Queremos tudo na justa medida.
Então, justificam-se todos os erros com a morte, quando se diz: “coitado, já lá está, que Deus tenha misericórdia da sua alma e lhe perdoe os pecados”.
Elege-se assim uma nova medida para medir todos os gestos, por quanto justificar, o que por si só, está justo e edificado.
Gritamos por misericórdia, pelos que em nome de Deus se entregam em sacrifício, arrastando para o cadafalso, outros. Divinizada fica a morte. Profetiza-se o fim, com a condição de se chegar imaculado com as mãos ainda a escorrer sangue pelos mortos e pelos vivos, e por todos os que não sabem rezar.
Rezamos o acto de contrição e juramos amar-nos uns aos outros, como se tudo tivesse que ver, ou com a fé, ou com o medo que temos de não ter fé.

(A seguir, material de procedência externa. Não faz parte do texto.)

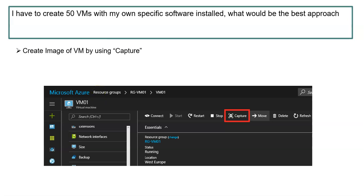Come back to your portal and select that VM where you have installed all the required software. When you select that VM, you can see different options: start, restart, stop, and also Capture. This Capture option will help you to capture the image of that particular VM machine. First capture that image — it will create an image and store it on your Azure portal. Next time when you want to create any VM, just select this particular image name under the images while creating the VM, so that everything installed under the image will be pre-installed for that new VM instance.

Se por um lado tememos a Deus pelos pecados que cometemos, por outro, lamentamo-nos pelos juízos que fazemos dele. Cuspimos na cara uns dos outros como quem cospe no prato onde comeu. Chegamos mesmo a duvidar da nossa crença enraizada na fé que julgamos conhecer. Existimos então para o que der, e para o que vier.
Todavia, variáveis conhecidas e simétricas aos desejos, compõem-se em partes iguais, para o que vier a ser quando já nada se conseguir somar nem dividir em partes iguais. Se o retorno for gratificante, valerá a pena volvermo-nos no regresso a Deus e voltarmos como almas novas a começar do nada, para aí, acontecer o inevitável traduzido nas várias figuras geométricas onde se traçou, faz tempo, os vários caminhos da alma humana.
A evolução natural faz-se caminhando. Juntos, daremos as mãos e tocaremos os pontos luminosos que habitam em cada um de nós.
Unidos, pois, na continuidade dos abraços, ocupando o espaço de cada um, ao derrubarmos muros e outros murais castigados pelo desnorte dos nossos gestos.
“Atrás de tempos, vêm tempos, e outros tempos hão-de vir”, escreveu o poeta, como quem sabe de um tempo morto e de um sol-posto, mas a luzir por dentro do nosso horizonte. Vingaremos pois, os contratempos nas insígnias da boa aventurança.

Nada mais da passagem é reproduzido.